EXTRACTED MATERIAL —
====

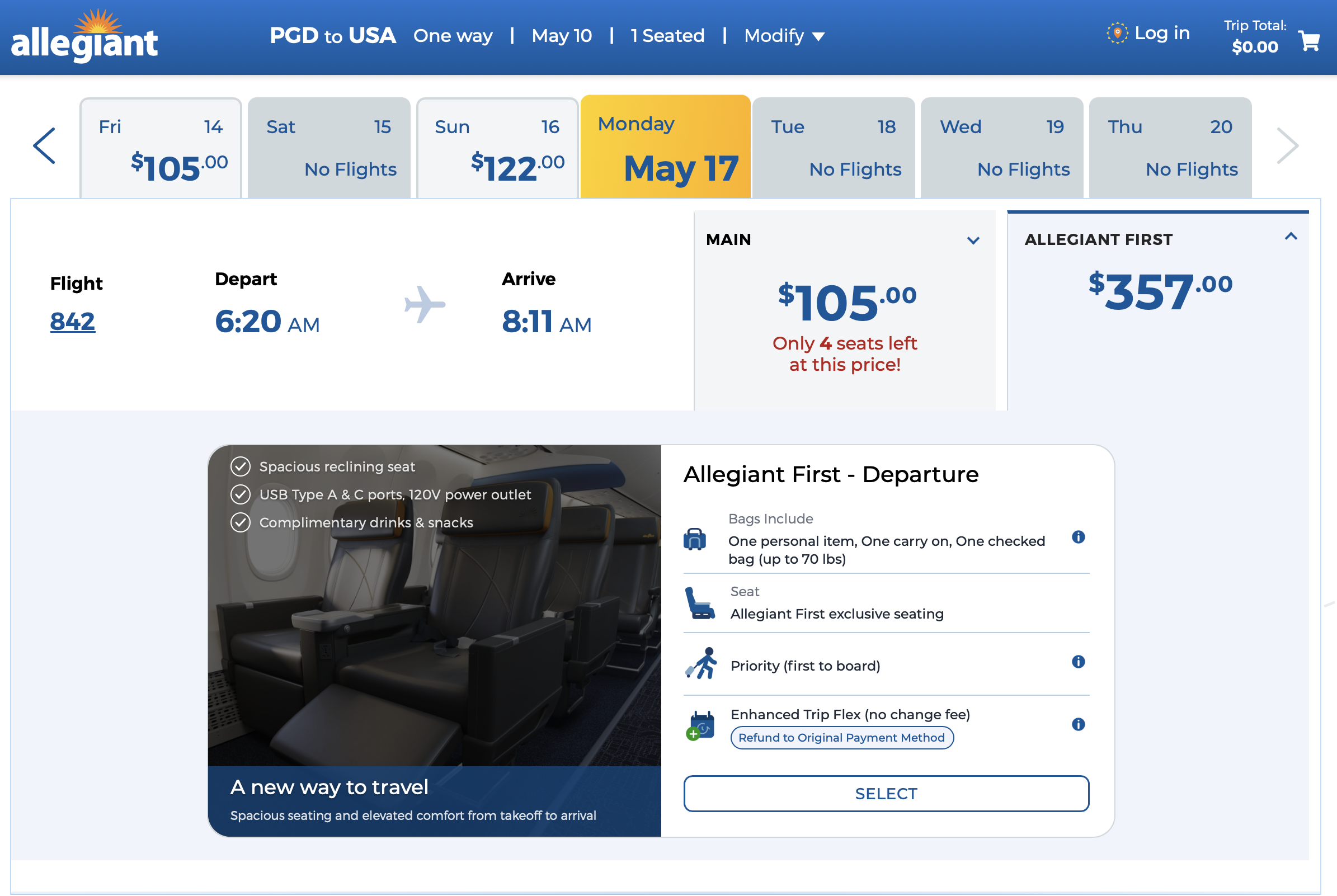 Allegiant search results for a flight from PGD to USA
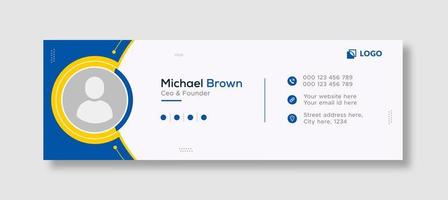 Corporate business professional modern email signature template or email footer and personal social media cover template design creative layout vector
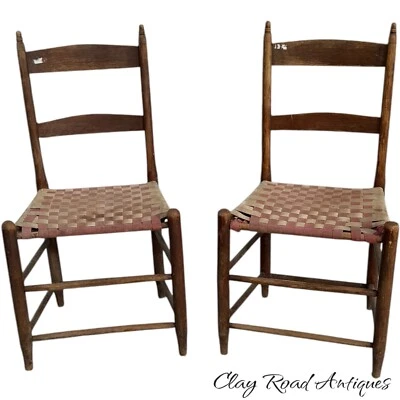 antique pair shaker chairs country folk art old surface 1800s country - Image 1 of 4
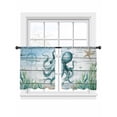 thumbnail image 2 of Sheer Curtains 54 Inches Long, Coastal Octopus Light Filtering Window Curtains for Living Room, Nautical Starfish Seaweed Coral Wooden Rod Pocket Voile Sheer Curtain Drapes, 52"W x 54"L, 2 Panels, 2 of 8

====

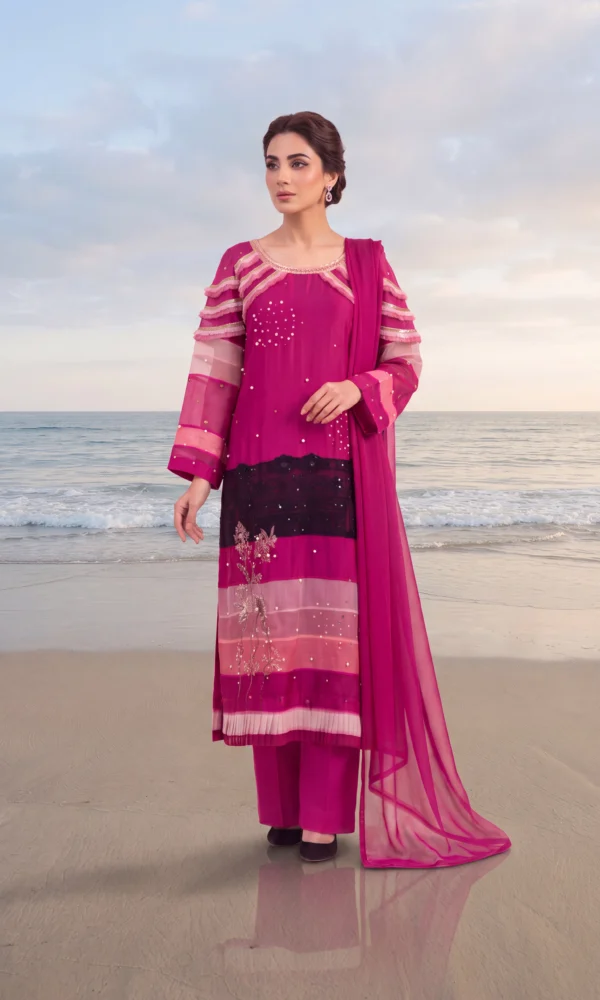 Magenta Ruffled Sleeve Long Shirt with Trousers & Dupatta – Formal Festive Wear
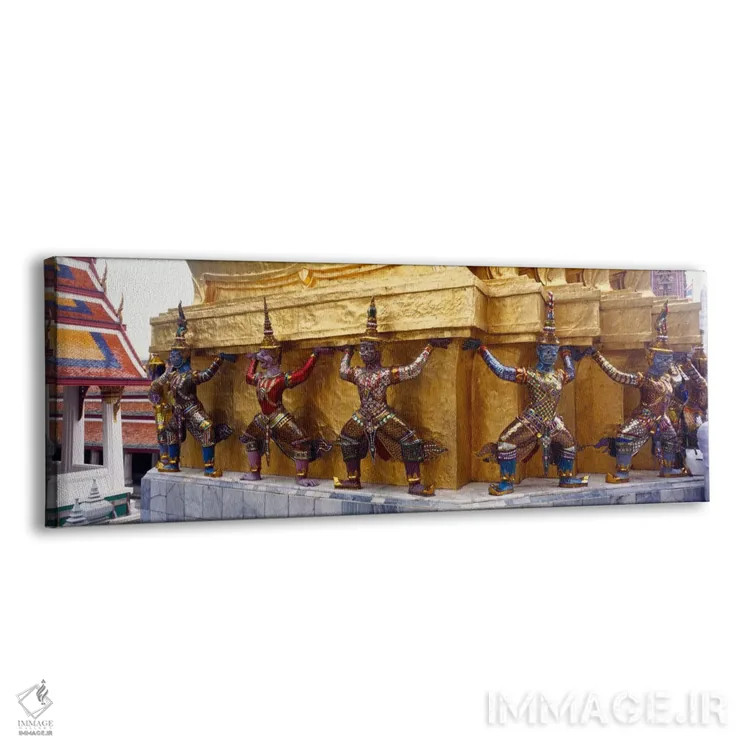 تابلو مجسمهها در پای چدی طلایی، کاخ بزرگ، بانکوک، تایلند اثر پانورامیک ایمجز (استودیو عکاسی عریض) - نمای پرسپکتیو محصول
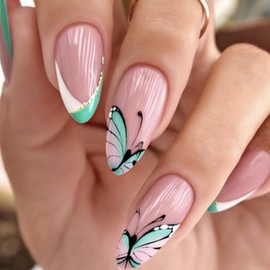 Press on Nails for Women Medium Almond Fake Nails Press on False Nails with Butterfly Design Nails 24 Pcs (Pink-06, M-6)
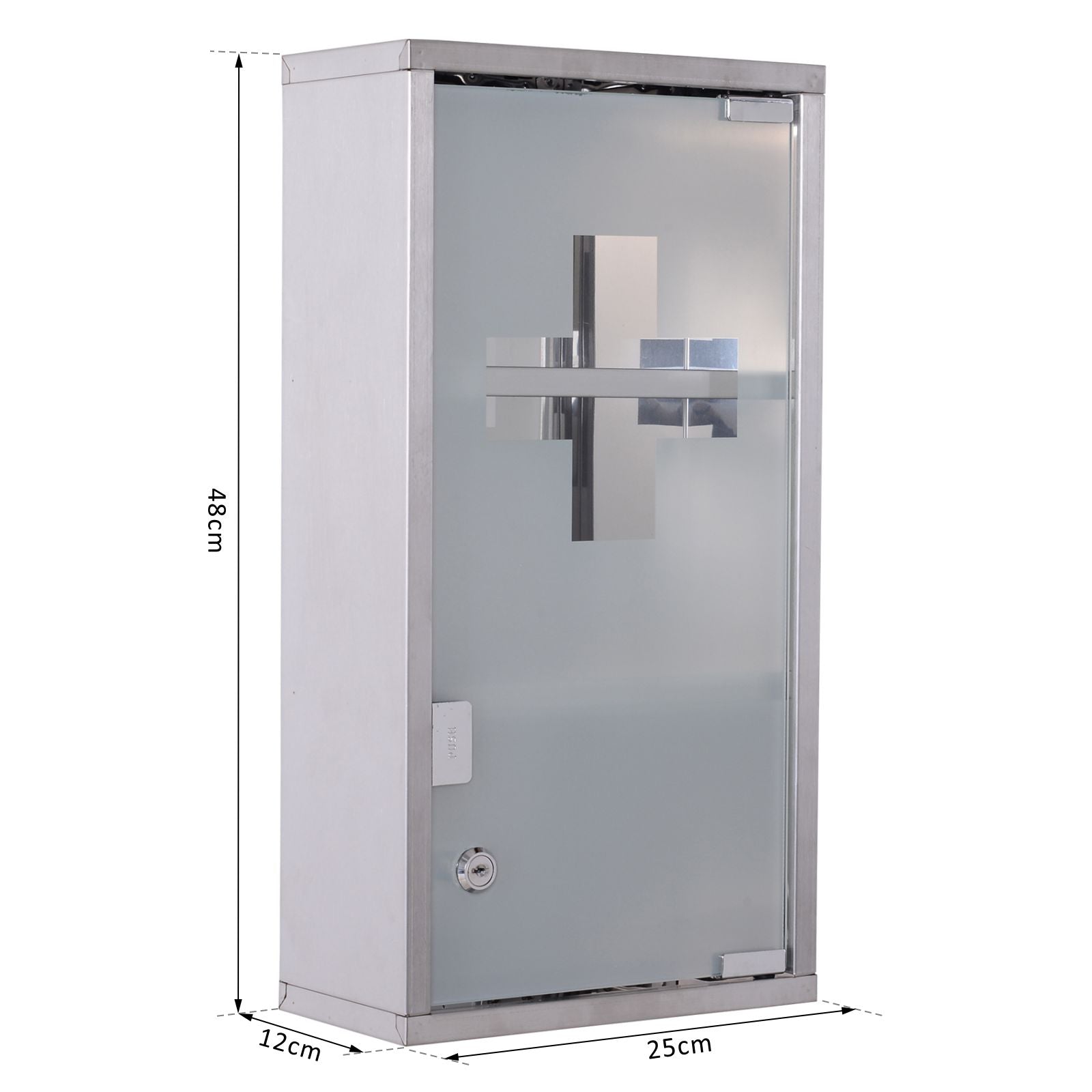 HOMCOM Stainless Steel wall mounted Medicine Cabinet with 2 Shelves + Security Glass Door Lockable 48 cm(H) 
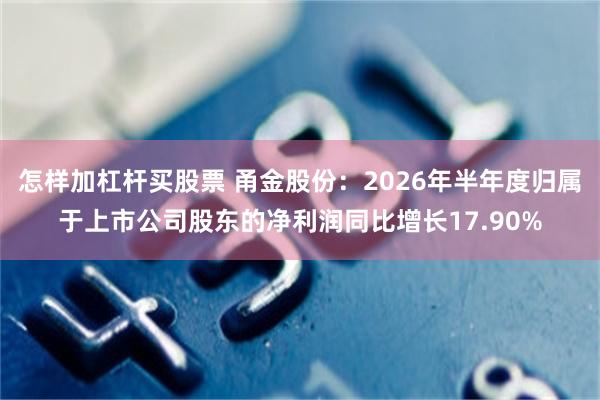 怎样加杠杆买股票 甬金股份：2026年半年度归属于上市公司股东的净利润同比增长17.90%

====

WORK TO BE COMPLETED —
Nothing but the lines above from the one that has "Press on Nails" down to the one that has "怎样加杠杆买股票 甬金股份：" belongs in the answer, copied exactly, without pictures.

EXERCISE RESULT —
 Press on Nails for Women Medium Almond Fake Nails Press on False Nails with Butterfly Design Nails 24 Pcs (Pink-06, M-6)
 HOMCOM Stainless Steel wall mounted Medicine Cabinet with 2 Shelves + Security Glass Door Lockable 48 cm(H) 
 怎样加杠杆买股票 甬金股份：2026年半年度归属于上市公司股东的净利润同比增长17.90%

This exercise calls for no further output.